We've decided to start from Paris and then go down south to visit Italy first for a bunch of reasons. We're doing InterRail, so we'll already have all the train stuffs sorted out, I think -- thanks for the info on cheaper trains though! 

As for Paris, I've already been once and I've seen all around the Louvre -- Emily doesn't want to go inside, so we can easily cut that out. What she does want to see are Notre Dame and the Eiffel Tower, both of which are doable since we're actually in Paris for _three_ days and not two. I'd personally love to go see Versailles, so that's probably what we're going to do.
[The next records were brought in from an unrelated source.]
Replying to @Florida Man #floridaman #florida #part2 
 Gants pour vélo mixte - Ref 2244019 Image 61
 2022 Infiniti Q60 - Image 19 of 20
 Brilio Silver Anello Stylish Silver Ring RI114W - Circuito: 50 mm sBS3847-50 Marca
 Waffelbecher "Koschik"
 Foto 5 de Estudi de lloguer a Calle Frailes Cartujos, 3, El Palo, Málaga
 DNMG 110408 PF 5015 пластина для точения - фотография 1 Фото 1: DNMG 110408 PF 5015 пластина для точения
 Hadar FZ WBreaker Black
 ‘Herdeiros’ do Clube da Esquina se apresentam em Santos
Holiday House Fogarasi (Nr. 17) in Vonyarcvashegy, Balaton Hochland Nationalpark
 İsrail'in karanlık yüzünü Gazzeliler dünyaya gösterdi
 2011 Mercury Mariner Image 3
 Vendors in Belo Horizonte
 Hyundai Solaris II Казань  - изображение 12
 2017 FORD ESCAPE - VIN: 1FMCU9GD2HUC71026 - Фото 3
On our way down south we'll probably just take a walk around Marseilles since we don't want to visit anything in particular, but if anyone has any suggestions they're welcome!

As for Italy, we're no longer visiting Bologna but are instead looking at a village near Genova, since that's where my friends are going to be during the time frame we're in Italy. Also, we're totally going to take all of your other suggestions in mind -- Emily is particularly excited about real Italian pizza and gelato.

We totally might hit up the Hague instead of Rotterdam, especially since it'll be on the way from Amsterdam to Brussels on our way back.

We decided to reverse our direction because we want to end up back in Paris to catch the Eurostar to London so we can go see a West End show just before we go home.


----------



## Flazeah (Jun 16, 2011)

Harlequin said:


> I'd personally love to go see Versailles, so that's probably what we're going to do.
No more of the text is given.